Andreï Kourkov est sans doute l'auteur ukrainien contemporain le plus reconnu au niveau international. Très récemment, je l'ai entendu dans une interview appeler les Européens à soutenir l'Ukraine en découvrant sa littérature. Je me tiens aux côtés des Ukrainiens en lisant Les Abeilles grises, son dernier roman, paru chez Liana Levi le 3 février dernier, qui plonge le lecteur en 2017 en pleine guerre du Donbass. Forcément, Les Abeilles grises résonnent fortement avec l'actualité et il est impossible de lire sans penser à l'invasion russe. C'est très troublant et apporte un éclairage très particulier sur les événements de 2022.

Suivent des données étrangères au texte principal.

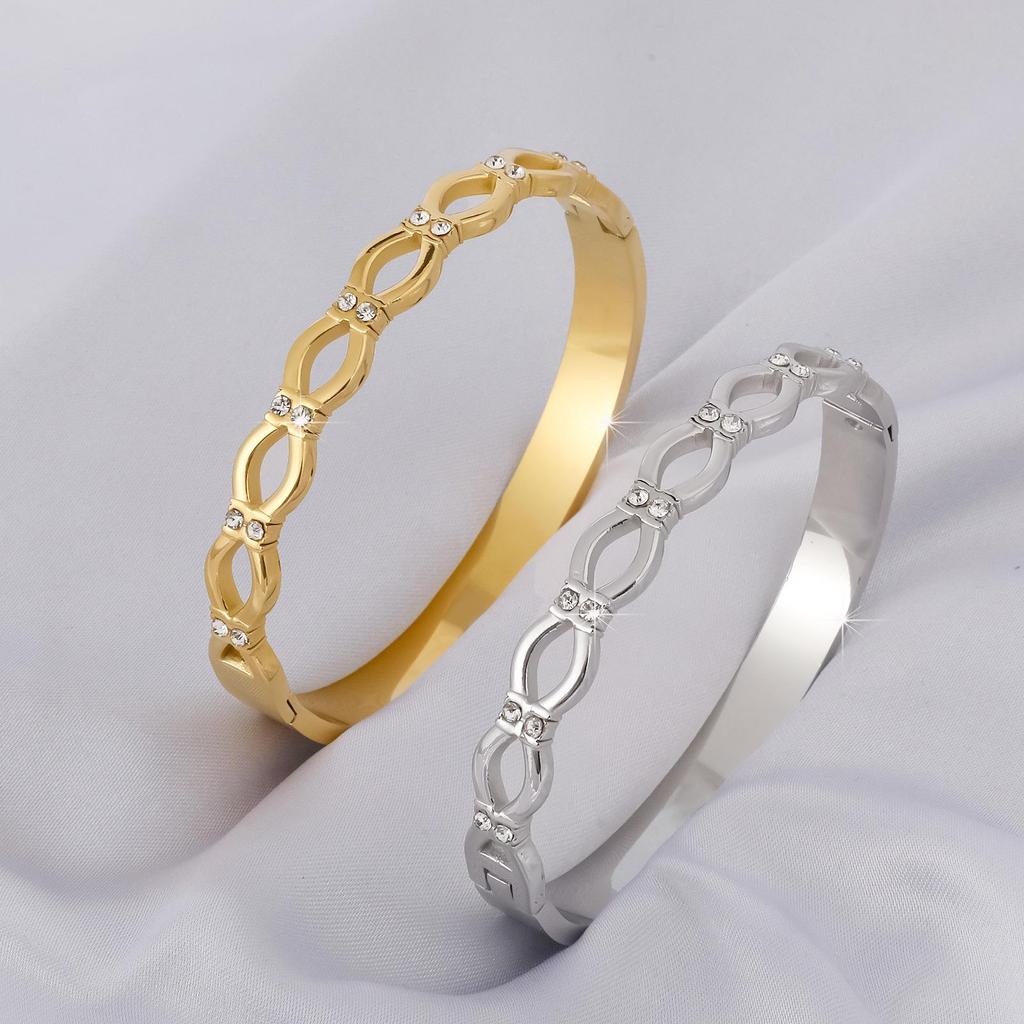 Stylish Geometric Rhinestone Stainless Steel Bracelet – Colorfast and High-Grade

La première moitié du roman se déroule en zone grise du Donbass, un no man's land déserté et désolée, sur le front tenu depuis 2014 par les séparatistes ukrainiens pro-russes et l'armée ukrainienne gouvernementale. le village de Mala Starogradivka est abandonné, comme hors du temps. Seuls deux habitants y vivent toujours, sous les bombes. Sergueïtch et Pachka, la petite cinquantaine, ex-ennemis d'enfance forcés à se serrer les coudes pour ne pas sombrer dans la solitude et l'angoisse.

Très rapidement, Andreï Kourkov impose un ton atypique - étant donné le sujet - porté par un duo à la routine drolatique dont les dialogues sonnent presque beckettiens, rappelant les interactions étranges entre Vladimir et Estragon d'En Attendant Godot. Se dessine toute l'absurdité de cette vie de survie, sans courrier, sans électricité, dans une pénurie de tout, avec des cadavres de soldats qui jonchent les rues du village sans qu'on parvienne à déterminer à quel camp ils appartiennent.

Dans la deuxième partie, le récit bascule dans une odyssée picaresque sourde d'une menace omniprésente. Sergueïtch quitte sa maison pour trouver un refuge à ses abeilles, des fleurs sauvages plutôt que des trous d'obus. Cette recherche d'un territoire plus sûr le conduit en Crimée ( annexée en 2014 par la Russie de Poutine ). Ce très beau personnage tient autant d'un Ulysse fatigué par la guerre que du Candide voltairien. C'est à travers son doux regard et son humanisme presque naïf qu'on découvre une Crimée vivant sous l'oeil omniprésent de Moscou qui persécute la minorité turcophone musulmane des Tatars.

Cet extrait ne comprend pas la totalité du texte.